A man holds his hand under his chin as he concentrates on his laptop screen and reads about the ANZ share price

Image source: Getty Images

CBA share price lifts amid cost-cutting initiatives

The CBA share price is outperforming the benchmark index today amid news the bank will cut around 250 jobs from its rosters to help reduce operating costs.

According to unnamed sources, cited by The Australian Financial Review, the job cuts will primarily impact workers in CommBank's retail bank and technology unit.

A CBA spokesman said:

As part of our focus on business improvement, we regularly review the skills we need and how we are organised.

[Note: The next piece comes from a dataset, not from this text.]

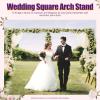 10FT x 20FT Backdrop Stand Pipe Kit,Heavy Duty Wedding Arch Backdrop Decor Stand Kit Curtain Frame Arch Frame for Wedding Birthday Graduation Photo Booth view 3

That means from time to time some roles and work can change or may no longer be required.

The spokesman added that these types of decisions "are never easy nor are taken lightly". He said CBA will work with impacted employees "on finding opportunities and building skills to support them for another role in or outside the bank".

The CBA share price could find some mid-term support as the bank joins some of its big rivals in reducing staff and trimming costs, with management eyeing potential headwinds ahead from rising non-performing mortgage loans.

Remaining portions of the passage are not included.